Screen readers should be able to receive accessibility events or any change notifications.
Below discussed are some of the visualization guidelines for Google.
The data shouldn’t be distorted in any way.
It has to be presented to the audiences in its natural form.
No manipulation or extra exercise is to be done, twisting the data and distracting the audience from the real subject.
Use labels, supporting tooltips, accurate axis, and baselines.
Inform the audience about the source of data and how it has been processed and presented.
Provide users with a platform that will enable them to understand, navigate, and explore data.
Give the users an easy platform helping them understand the charts and their information.
Provide them with discoverability features like zooming, planning as well as filtering.
Enhance User Experience
Give the users a better visualization experience.
Focus on speedy outputs.
Indulge in the practice of digital signatures for enhancing user experience.
Delight users with a faster response system.
Keep the visualization clear by keeping it strictly to the center of information.
Use different colors to represent multiple sections.
Enhance the data-ink ratio for better visibility.
Focus on graph elements like the label, group, highlight, or measure.
Data expands and so will the visualization.
Provide users with the options wherein visualizations could be scaled as per the users’ needs.

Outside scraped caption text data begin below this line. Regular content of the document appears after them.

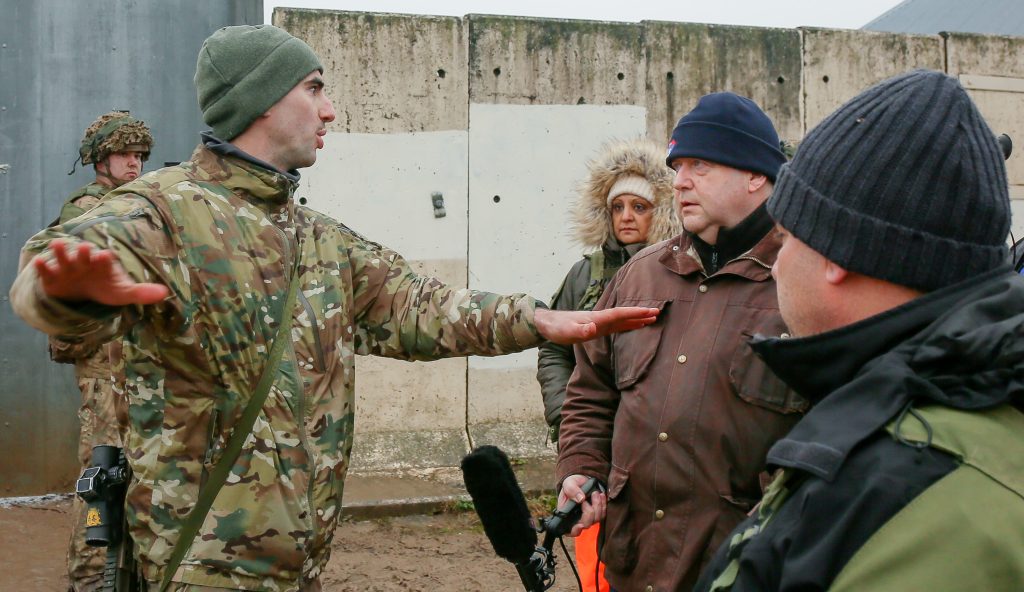 A person in military attire gestures while speaking to a group of people dressed in winter clothing, standing near a concrete wall. Two other military personnel stand in the background.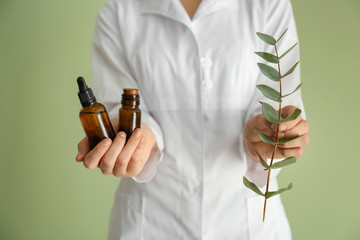 Pharmacologist with bottles of eucalyptus essential oil on color background © Pixel-Shot
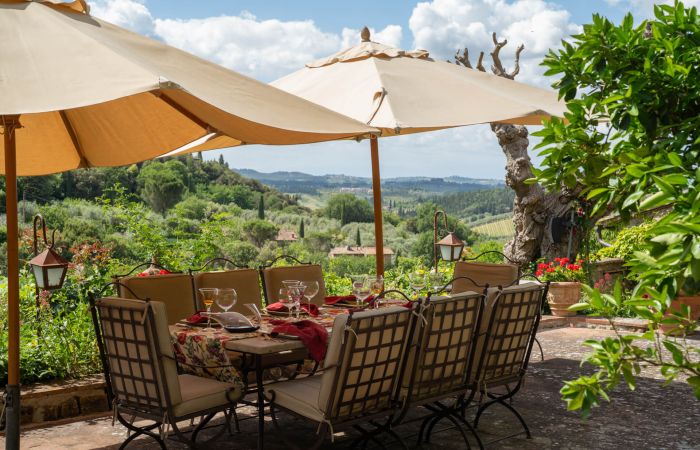 Outdoor patio with views of Castello Sezzate and Castello Mugnana.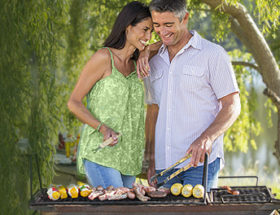 Couple having a summer cookout together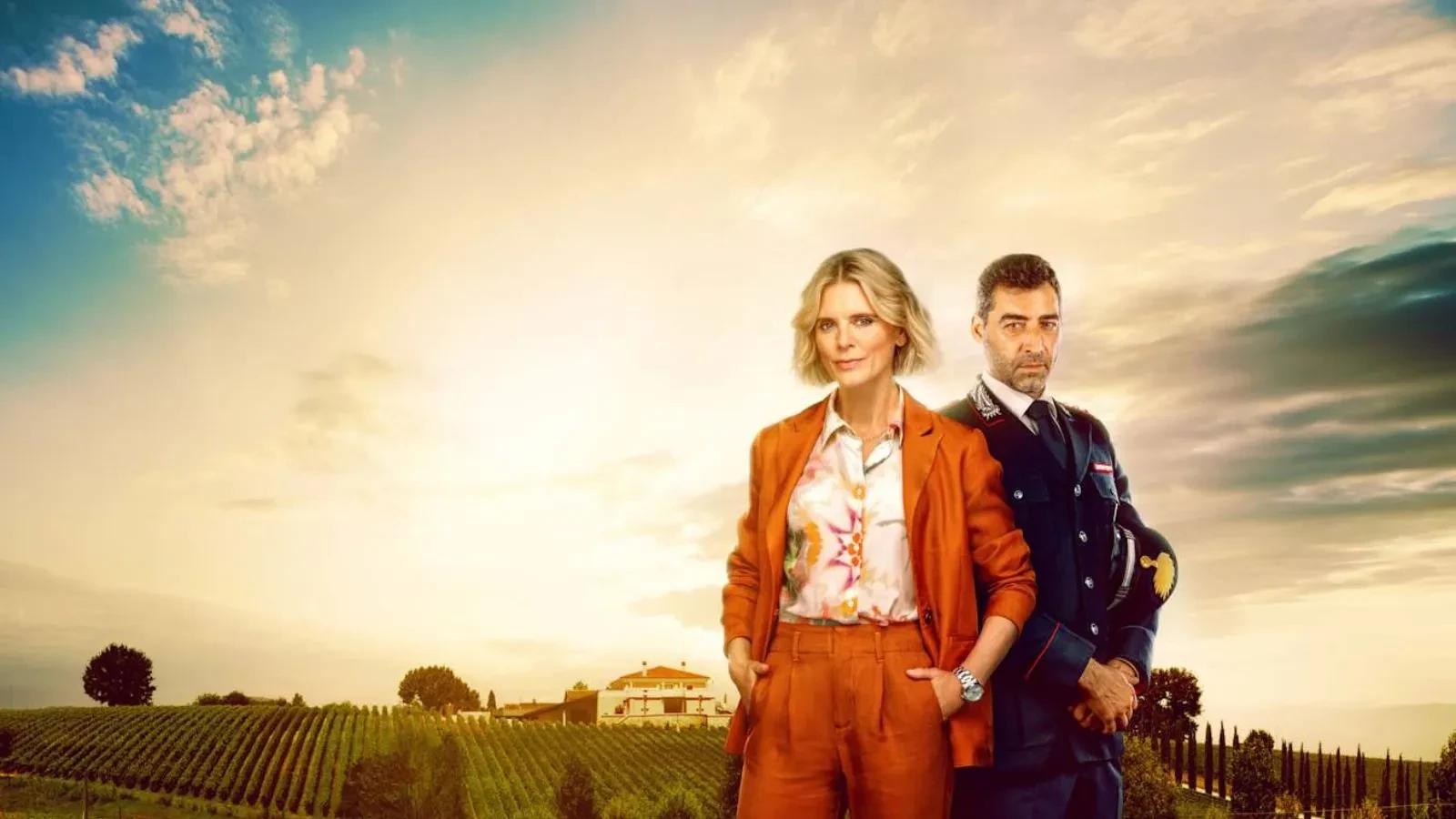 A women in a red suits with an Italian officer next to her and a nice sunny background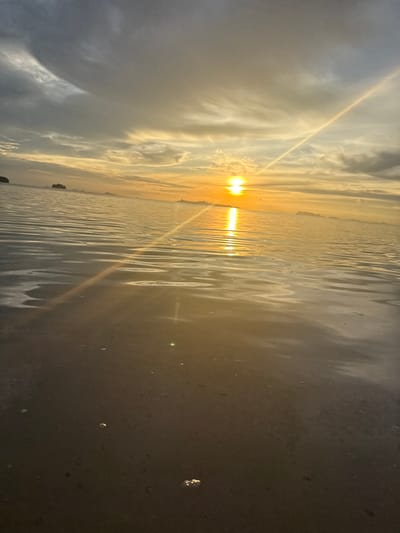 This media file captures a serene sunset over a body of water, likely the sea, given the presence of waves and a distant shoreline. The scene is dominated by the warm, golden hues of the setting sun, which casts a bright, almost blinding glare directly into the camera's lens. This intense light is reflected and refracted by the rippling surface of the water, creating a dazzling effect.
The sky is filled with dramatic clouds, ranging from soft, wispy formations to larger, darker masses that suggest a dynamic weather system. The sunlight pierces through these clouds, creating visible rays and a strong sense of atmospheric depth. A faint, almost iridescent line of light stretches diagonally across the sky and water, possibly a contrail or another atmospheric phenomenon.
On the left side of the frame, a dark, wet surface can be observed, with a few small, reflective circles that might be water droplets or small objects. This area appears to be the shore or a wet, dark ground. In the distance, on the horizon, there are faint outlines of what appear to be islands or landmasses with some vegetation.
The overall mood of the image is peaceful and awe-inspiring, typical of a beautiful sunset. The time of day is clearly evening, as indicated by the low position of the sun and the warm, golden light. The location cues, such as the tropical-looking vegetation on the distant land, along with the provided location context of Baan Pang Ka, Thailand, suggest a coastal setting in Southeast Asia. No visible text is present in the image.
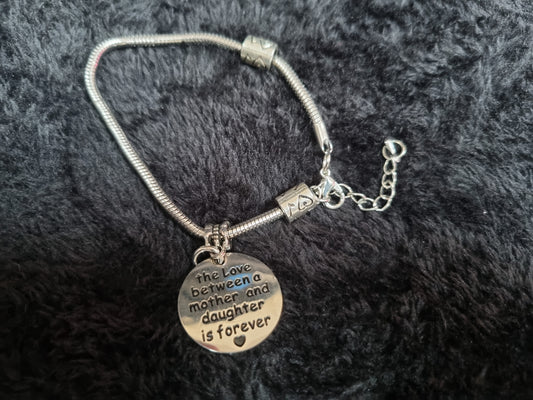 The love between a mother and daughter... charm bracelet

The focus should be kept on color palettes, filter configurations, axes, and interactive mechanisms within this approach.
Efforts should be made to reduce fetching details’ complexity and provide multiple ways of more in-depth insight into data.

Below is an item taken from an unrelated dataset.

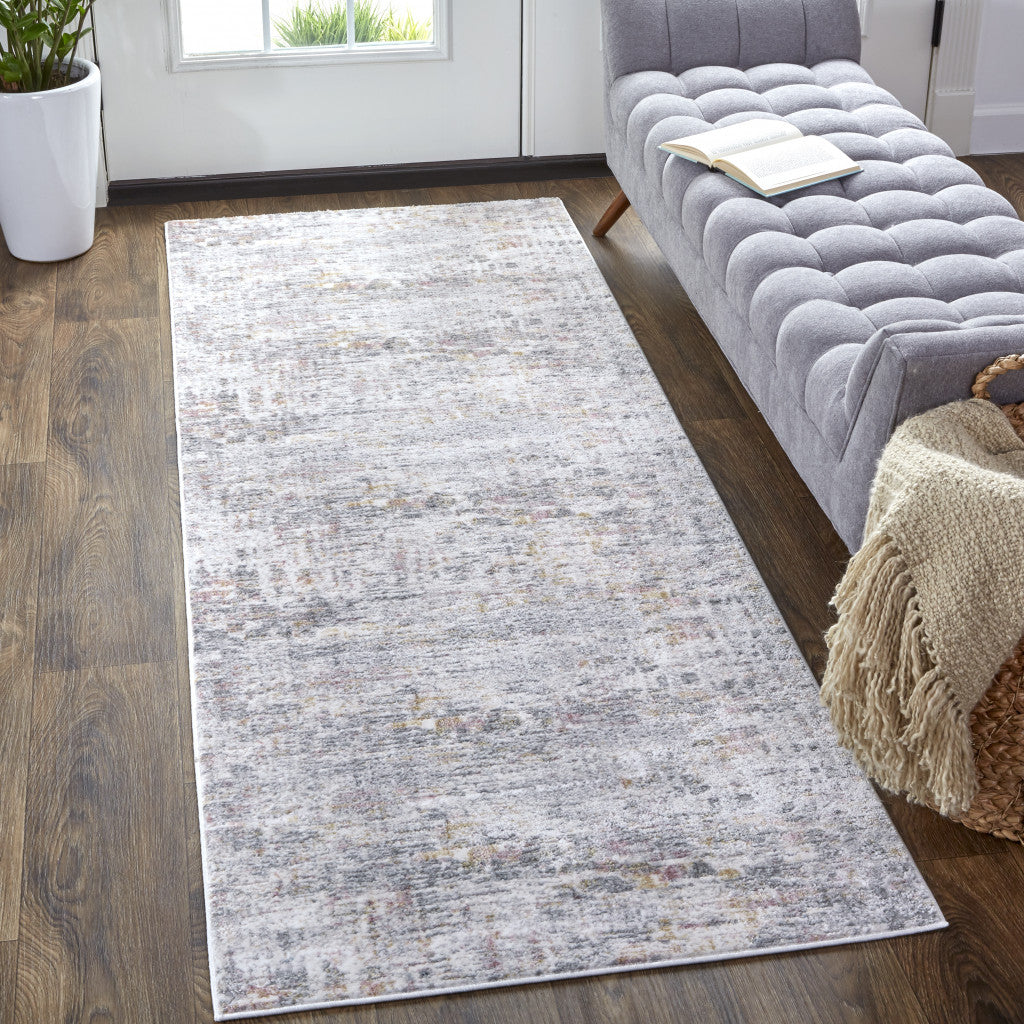 4' X 6' Ivory Tan And Taupe Abstract Stain Resistant Area Rug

There should be proper consistency in the graphics being used.
Provide consistency with respect to shapes, color, iconography, typography, selection, filtering, hover states, and expansion.
Users should feel responsive while experiencing a sense of stability during controlled motions.
Provide users with entry and exit motions to understand the visual hierarchy for the data being displayed.
Visualizations provide an easy understanding of the data.
Guidelines for visualizations enhance them and assist users in maintaining standards that provide an efficient experience of presenting data visually.